Sanayicinin yaşlanan nüfus endişesi
Nüfus değişimlerinin toplumun genel tüketim kalıplarını, kamu mali dengelerini, işgücünün üretkenlik düzeylerini ve büyüme potansiyelini kaçınılmaz olarak etkilediğine dikkat çeken İstanbul Sanayi Odası (İSO) Yönetim Kurulu Başkanı Erdal Bahçıvan, "Bu yaşlanma sürecini 'orta gelir tuzağı' riski altında yaşamamız halinde bizleri önemli dezavantajların beklediği açık. Kritik bir durumla karşı karşıya olduğumuz aşikar" dedi. Bahçıvan, tarımsal üretimin de risk altında olduğunu dile getirdi.

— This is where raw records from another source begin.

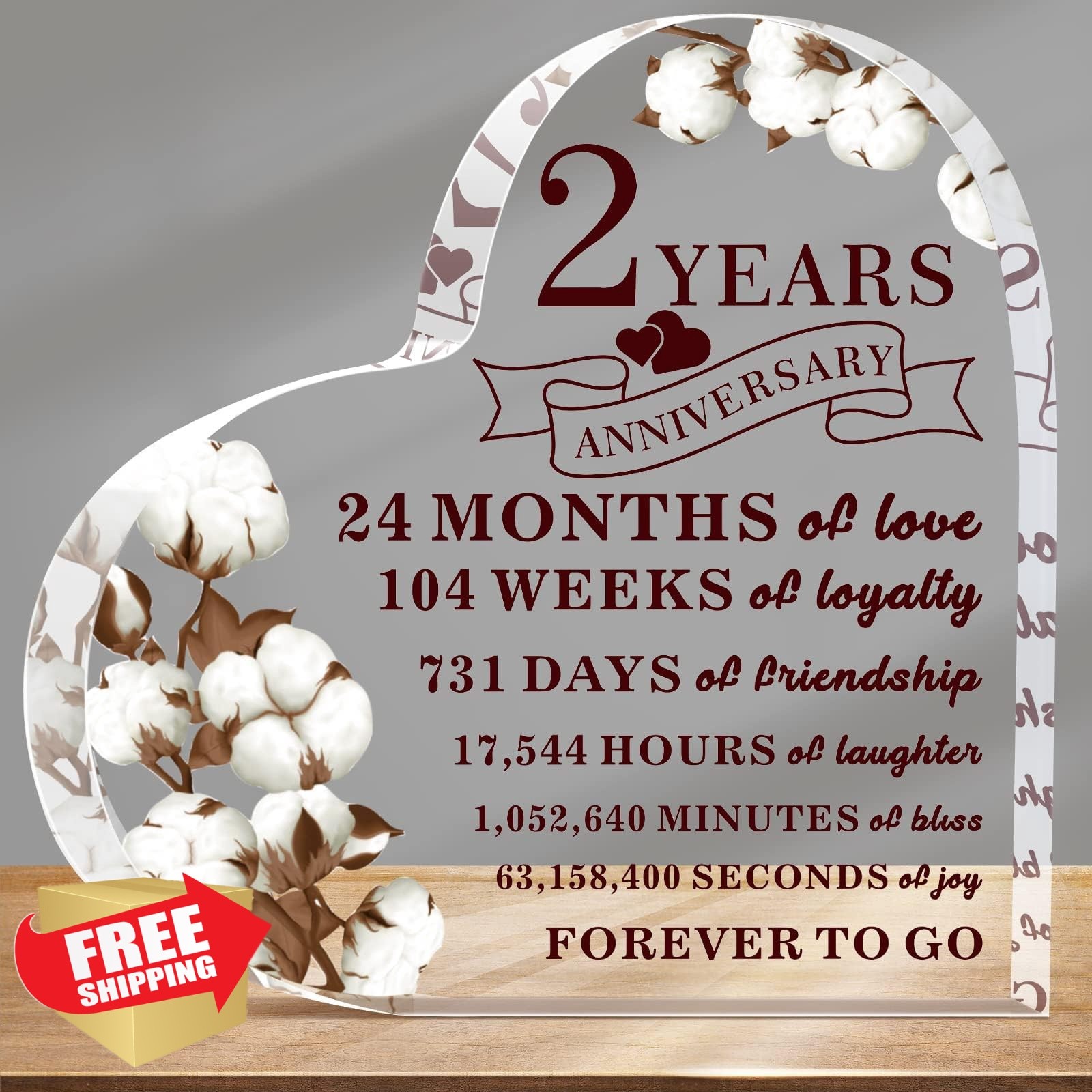 YLOLUL Cotton Flower 2 Year Anniversary Gift Acrylic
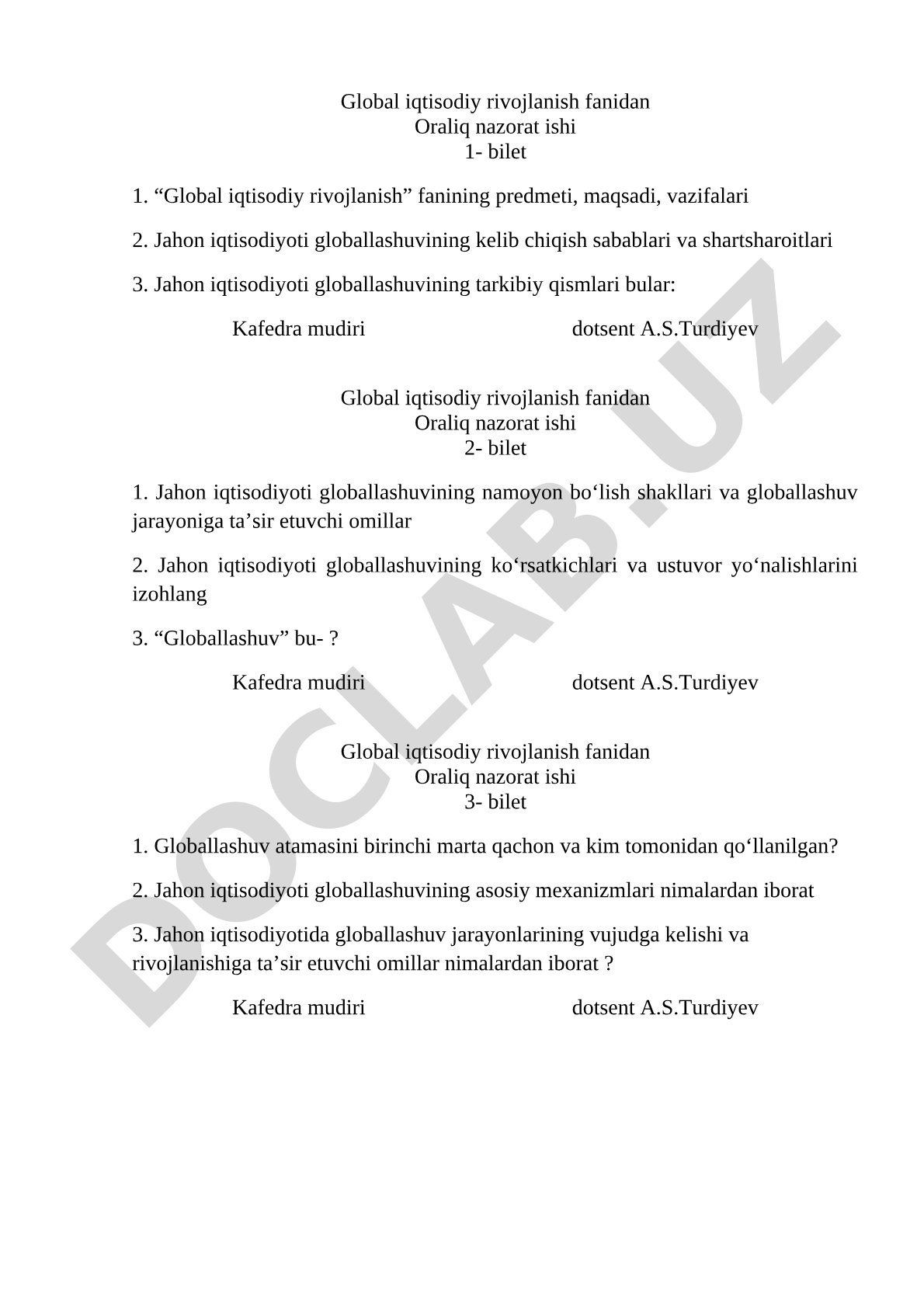Global iqtisodiy rivojlanish fanidan Oraliq nazorat ishi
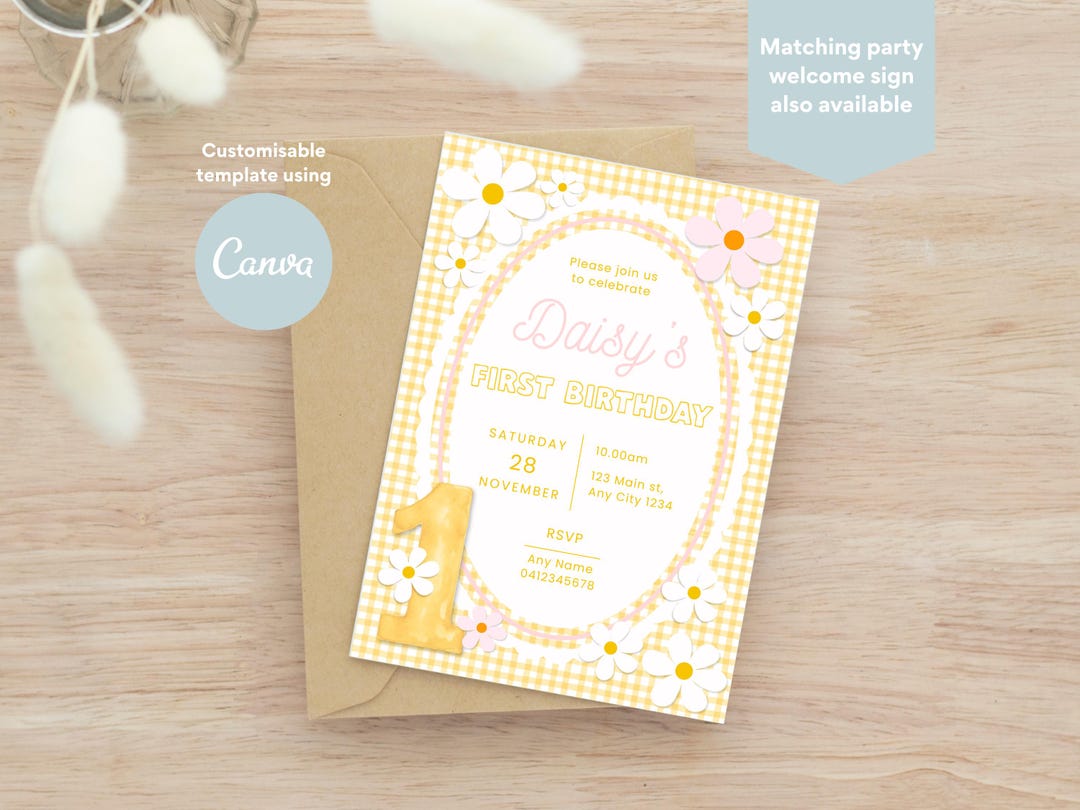 Daisy Yellow and Pink First Birthday Invitation, Daisy Birthday Party ...
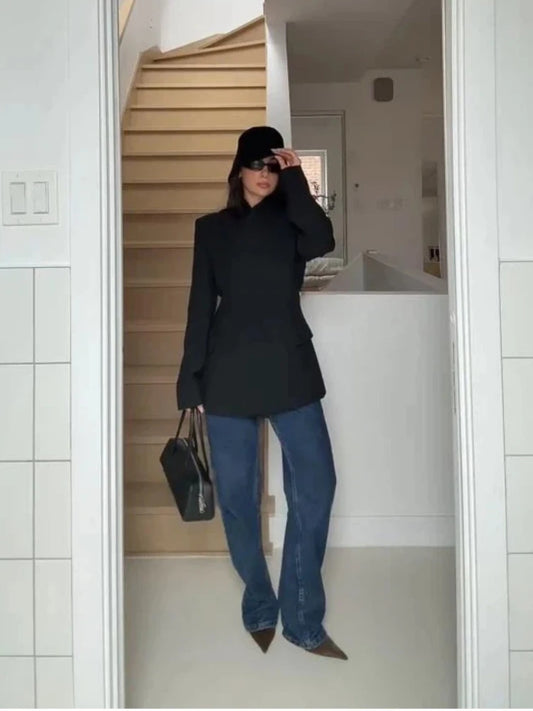 Women's Pant Set Office Elegant V-neck Full Sleeve Blazers High Waist Straight Pants Female Sets 2026 New Winter Woman Outfits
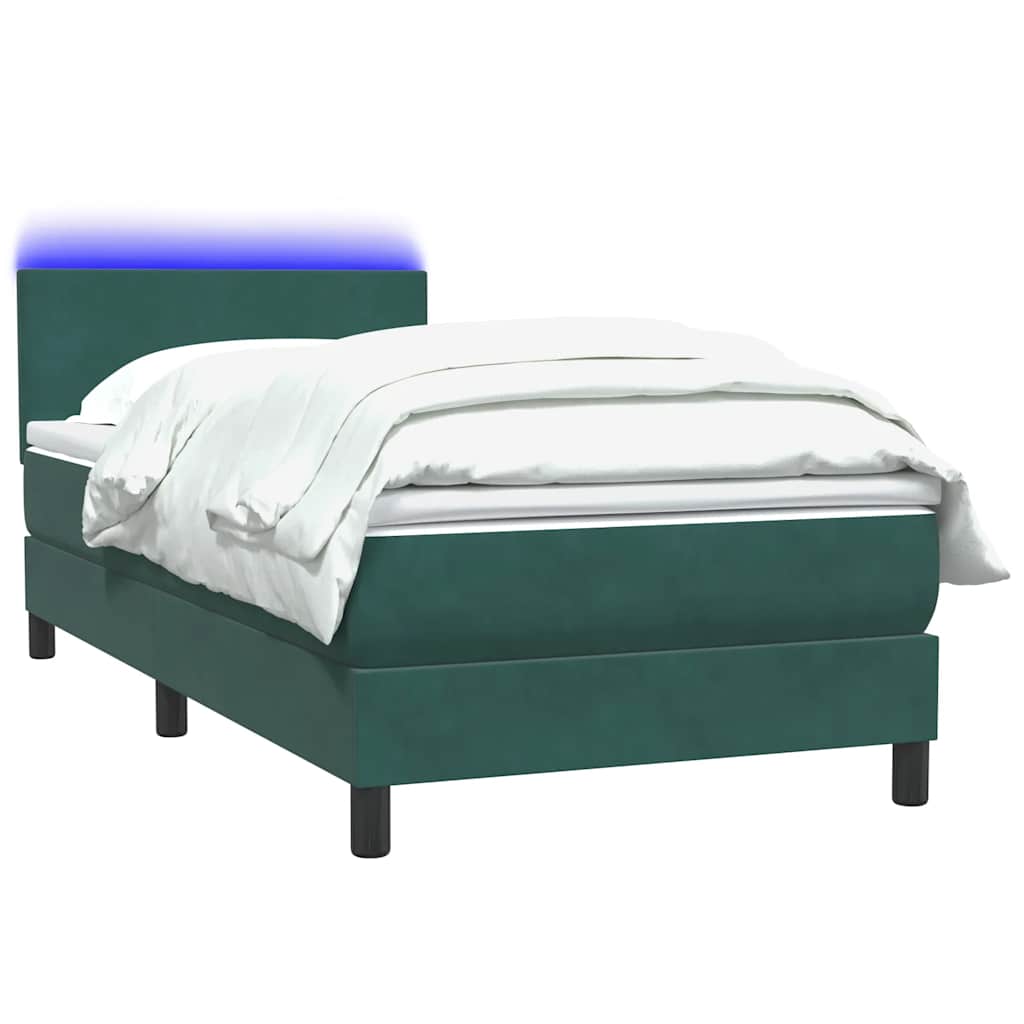 Boxspring met matras en LED fluweel donkergroen 80x220 cm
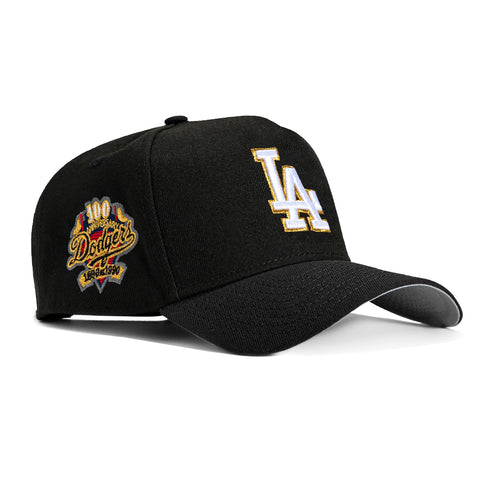 New Era 9Forty A-Frame Los Angeles Dodgers 100th Anniversary Patch Snapback Hat - Black, White, Metallic Gold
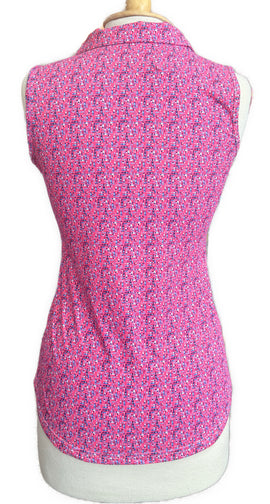 New Scales Gear Hot Pink Sea Glass Sleeveless Polo Size S MSP$80 - 0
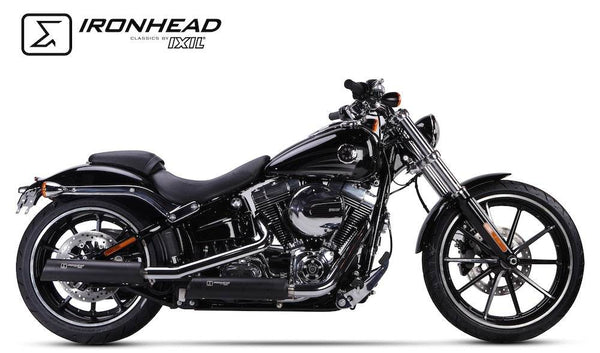 IRONHEAD HC1-3B Dual Black Silencers - Harley Davidson Softail Breakout 2013-16 - Motorcycle Performance Store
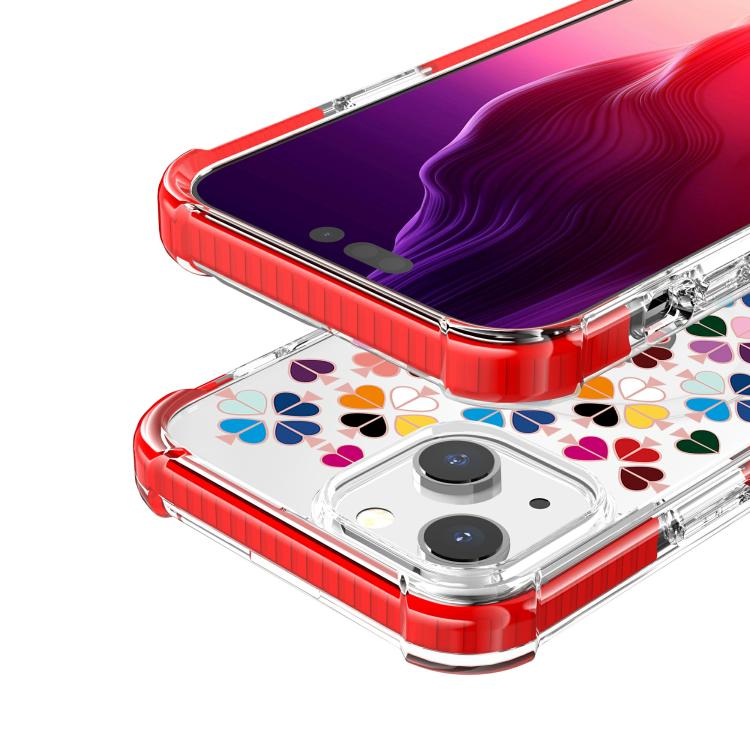 For iPhone 14 Plus Acrylic Four-Corner Shockproof Heart Pattern Magnetic Phone Case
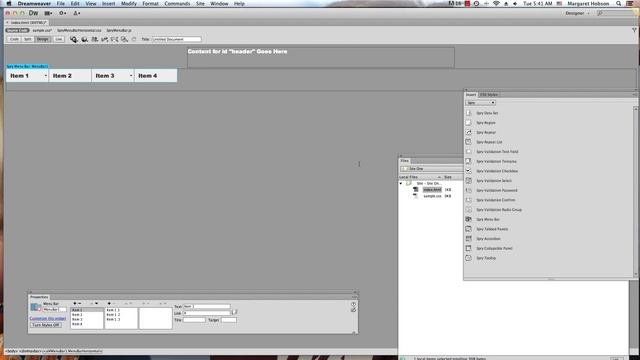 Creating A SPRY Menu Bar In Dreamweaver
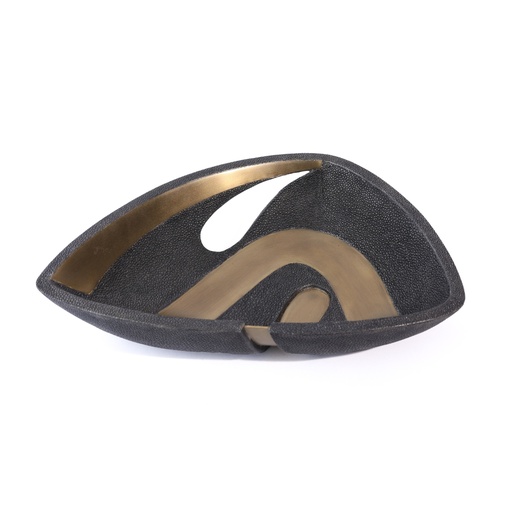 [10200110162] Bowl S Coal Black Shagreen (White/Gold,20x17x14H CM, Porcelain)
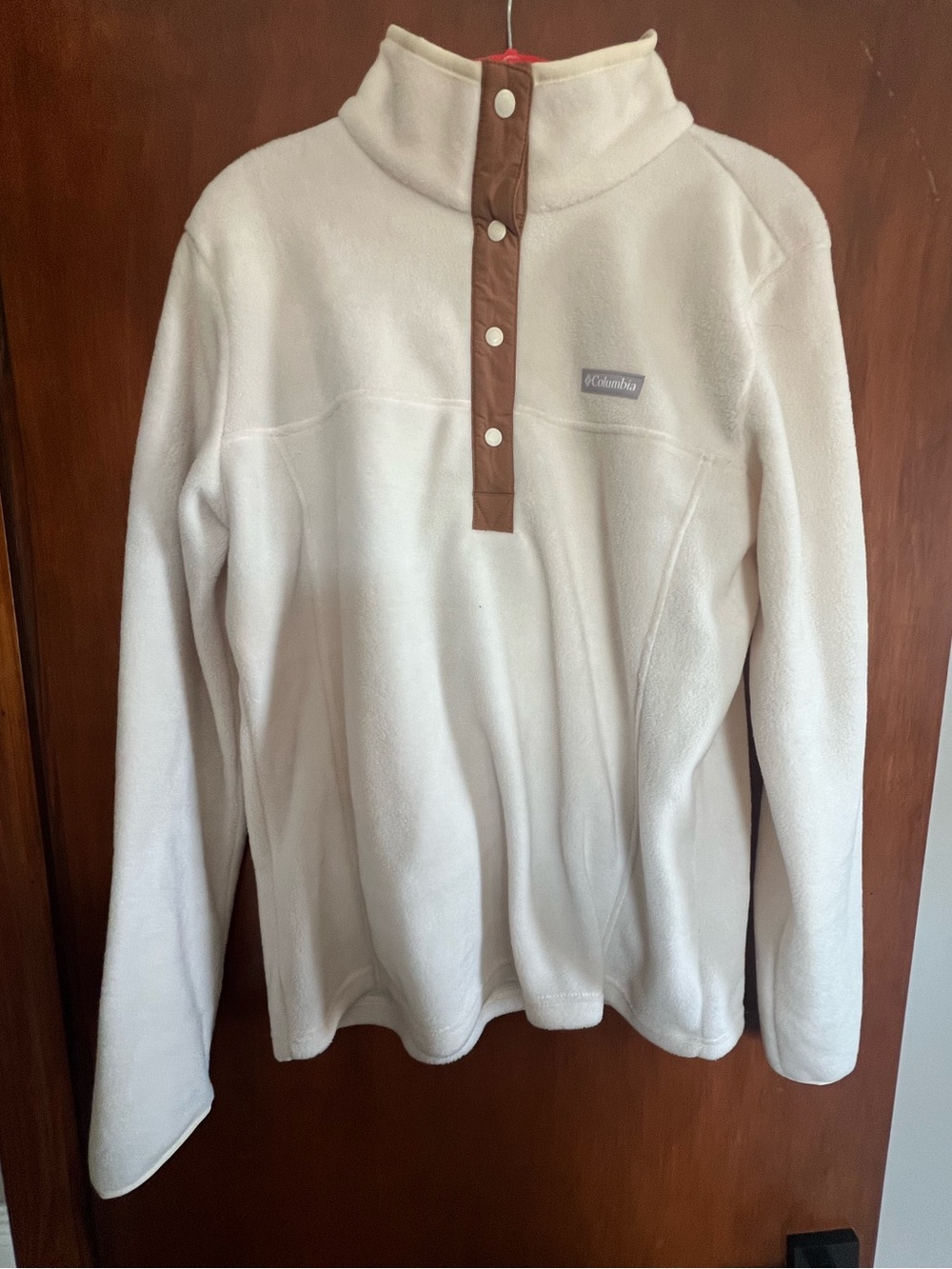 Columbia Cream Fleece Snap Pullover with Brown Placket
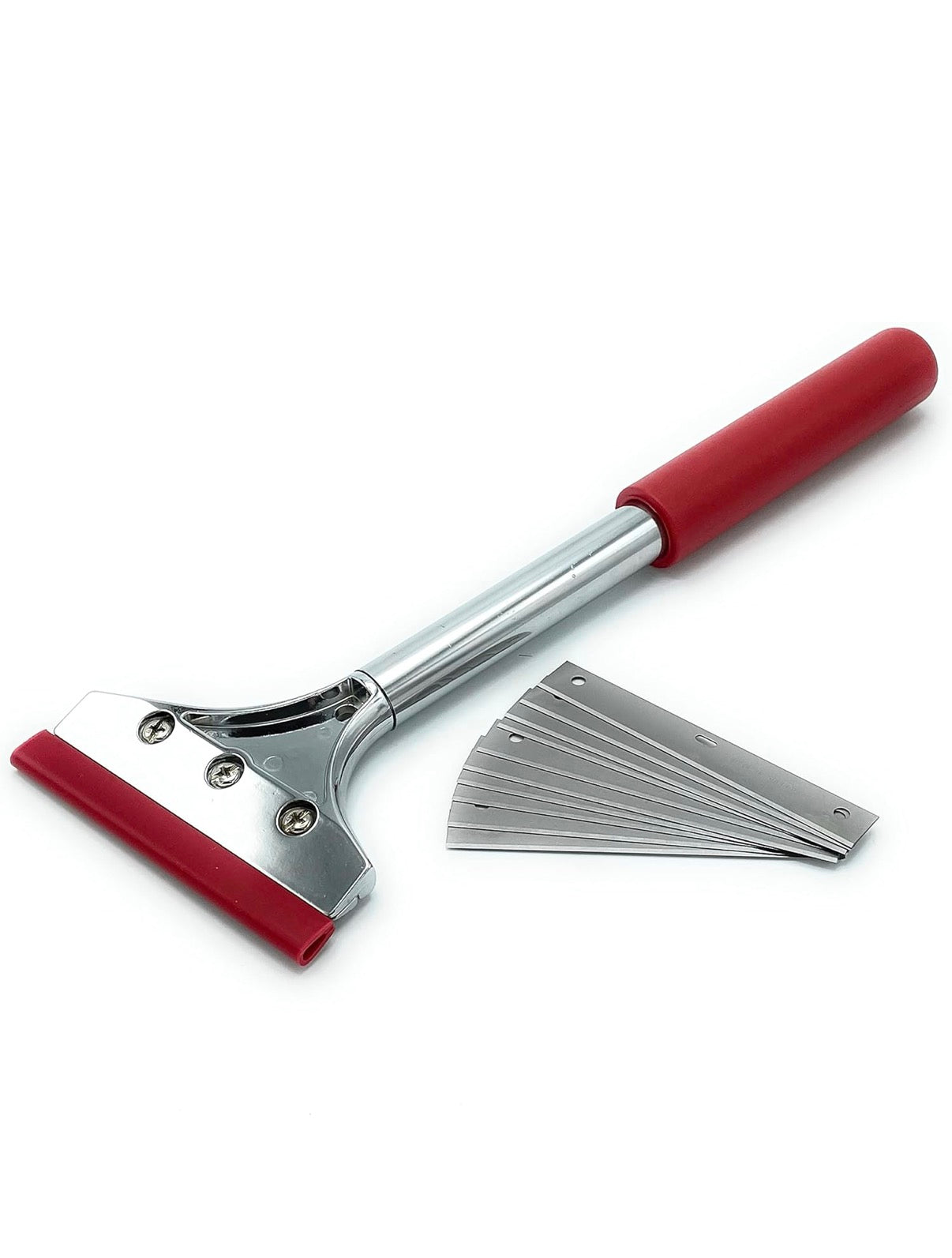 CCA Flooring and Wallpaper Scraper 30cm/ 12 inch Long Heavy Duty Floor and Wall Scraping Tool with a 10cm/4 inch Head Along with 10x Sheffield Steel Replacement scrapers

İstanbul Sanayi Odası (İSO) Meclisi’nin 2024 yılı Mart ayı olağan toplantısı ‘Sanayi Perspektifinden Türkiye Nüfusu: Dün, Bugün, Yarın’ ana gündemi ile düzenlendi. İSO Yönetim Kurulu Başkanı Erdal Bahçıvan’ın açılış konuşmasını yaptığı toplantıda, İstanbul Üniversitesi İktisat Bölümü Öğretim Üyesi Prof. Dr. Murat Şeker moderatörlüğünde, İstanbul Üniversitesi Rektör Yardımcısı Prof. Dr. Levent Şahin, Hacettepe Üniversitesi Nüfus Etütleri Enstitüsü Müdürü Prof. Dr. İsmet Koç, M GEN Teknoloji Danışmanlık Başkanı Ufuk Tarhan ve Egon Zehnder Kıdemli Ortağı Murat Yeşildere’nin katılımıyla bir de panel düzenlendi.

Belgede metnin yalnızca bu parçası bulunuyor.